-- Exercise requirements --
The data that follows is to be copied exactly, with each image removed.

-- Dataset excerpt --
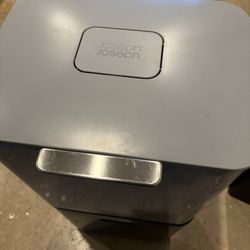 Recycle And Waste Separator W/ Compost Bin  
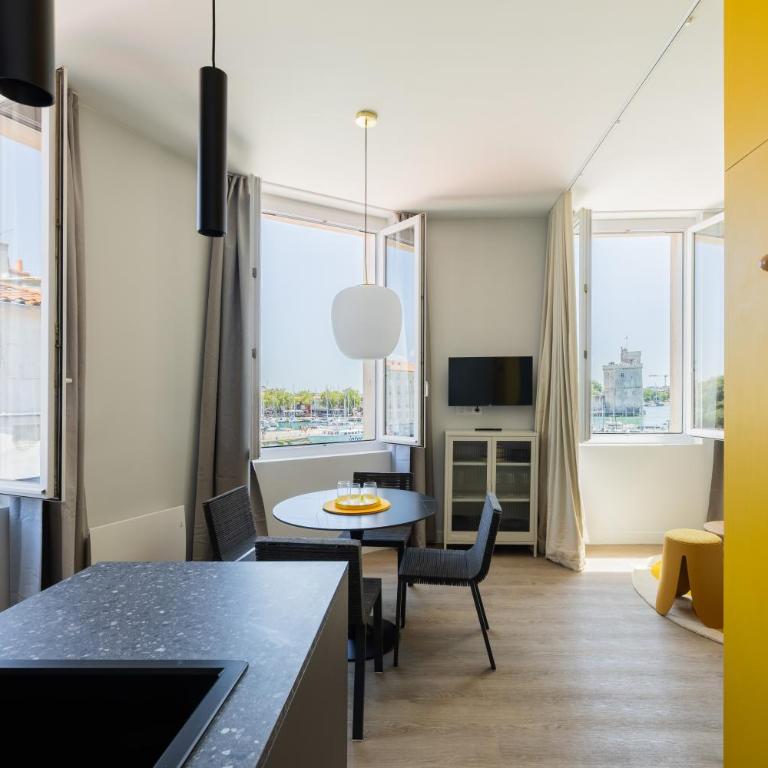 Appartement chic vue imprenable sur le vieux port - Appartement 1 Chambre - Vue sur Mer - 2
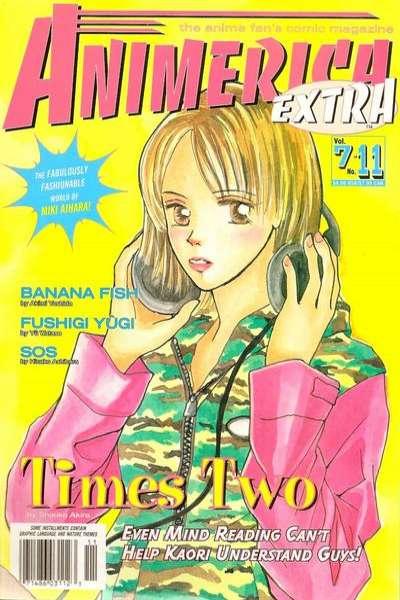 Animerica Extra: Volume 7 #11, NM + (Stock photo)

-- Solution to this problem --
 Recycle And Waste Separator W/ Compost Bin  
 Appartement chic vue imprenable sur le vieux port - Appartement 1 Chambre - Vue sur Mer - 2
 Animerica Extra: Volume 7 #11, NM + (Stock photo)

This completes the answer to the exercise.